Iran’s oil minister sees no imminent change in OPEC’s output strategy even as he urged fellow members of the group to cut their collective production to buoy crude to a range of $70 to $80 a barrel.
Iran is preparing to ramp up its own output once world powers remove sanctions on its economy, regardless of any decisions by the Organization of Petroleum Exporting Countries, Oil Minister Bijan Namdar Zanganeh told reporters Monday at an industry conference in Tehran.
“No one is happy” with prices at current levels, he said. “OPEC should decide to manage the market by reducing the level of production,” Zanganeh said. “It seems that the atmosphere is not well for making a change in the market.”
OPEC has exceeded its official production target for 16 consecutive months as the group seeks to defend sales amid a global supply glut. Brent crude, a global benchmark, has slumped 43 percent in the last 12 months and was at $48.53 a barrel in London on Tuesday at 9:42 a.m. local time.
OPEC, supplier of about 40 percent of the world’s oil, plans to assess output when ministers from its 12 members meet on December 4 in Vienna.
Iran is pushing to regain the global oil sales it lost after the U.S. and other world powers imposed sanctions over its nuclear program. The country agreed in July to accept limits on its nuclear work in return for access to oil and financial markets.
The Islamic Republic is seeking $100 billion in investment by March 2021 to increase output of oil and natural gas, Zanganeh said. In addition, it hopes to attract about $28 billion in investment in electricity projects and renewable energy, Minister of Energy Hamid Chitchian told reporters on Tuesday, without specifying a target date.
The country hopes to stimulate interest by announcing a new contract for oil investors in November. Iran has the world’s fourth-largest reserves of oil and second-largest deposits of gas, according to the US Energy Information Administration.
“We won’t seek permission from anyone for our production,” Zanganeh said. “We will bring our production back to the market, and the market will absorb it. All of those OPEC members whom I speak with welcome this.”
The comparatively low cost of producing oil in Iran enhances its appeal, OMV AG Chief Executive Officer Rainer Seele said at the conference. OMV is interested in developing two areas — the Mehr block and the Cheshmeh Khosh field — if investment contract terms are flexible, he said.
“You can find very low-cost fields here, and therefore I think it’s very competitive production that’s coming on stream here in Iran,” Seele said.
OPEC members that boosted sales to Iran’s customers after sanctions hobbled its exports must make room for the planned increase in Iranian supply, Amir Hossein Zamaninia, deputy minister for commerce and international affairs, said in an interview at the Tehran event. Saudi Arabia, “more than anybody else,” should take the lead in trimming output, he said. “Hopefully something will be done and allow for Iranian extra supply.”

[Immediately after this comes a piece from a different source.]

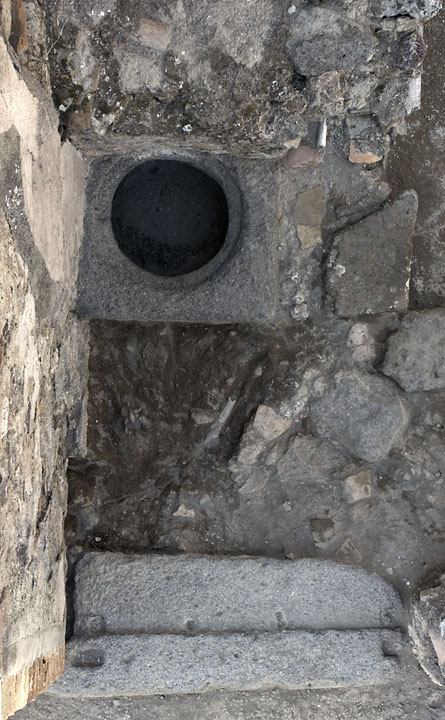 Room d, cistern mouth in the SW part of the room.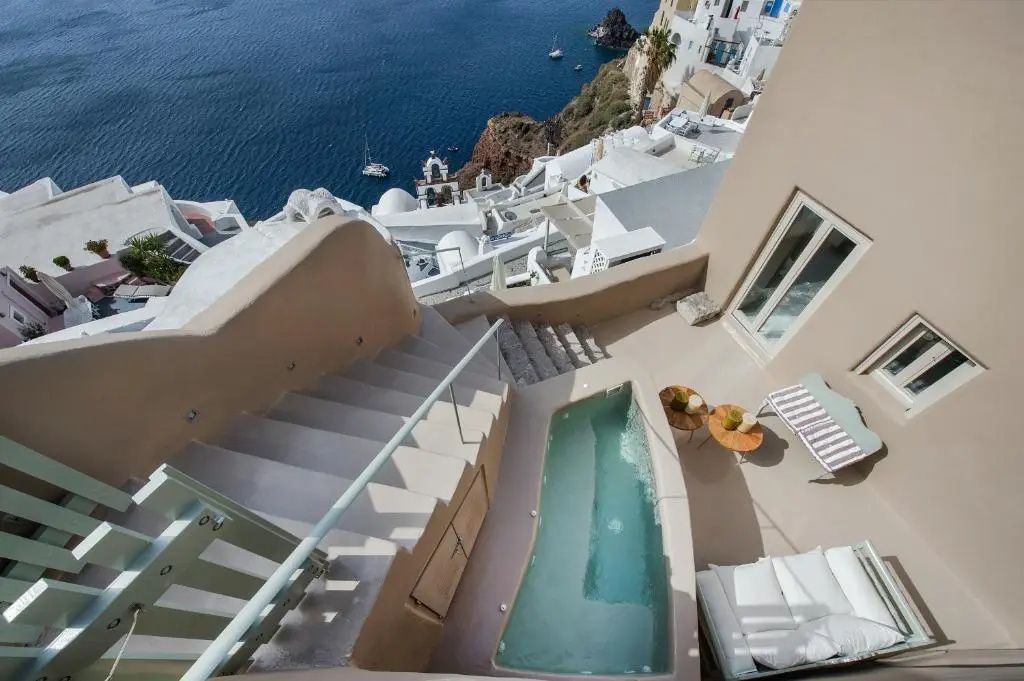 Terrasse mit schmalem Pool und freiem Blick auf das tiefblaue Meer sowie die Klippen.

Iran can boost oil exports by 500,000 barrels a day within a week after the removal of sanctions, Roknoddin Javadi, managing director of state-run National Iranian Oil Co., told reporters. The Persian Gulf nation can raise exports by 1 million barrels a day within six months once the curbs are lifted, he said.
It targets crude production of 4.7 million barrels a day by March 2021 and plans to produce 1 million barrels a day of crude condensates by the same date, Javadi said. The country pumped 2.8 million barrels a day of oil in September, according to data compiled by Bloomberg.
Iran also expects to complete its first terminal for exporting liquefied natural gas, known as LNG, within three years after sanctions are lifted, NIOC’s Javadi said. Gas producers can supply LNG by ship to customers beyond the reach of pipelines.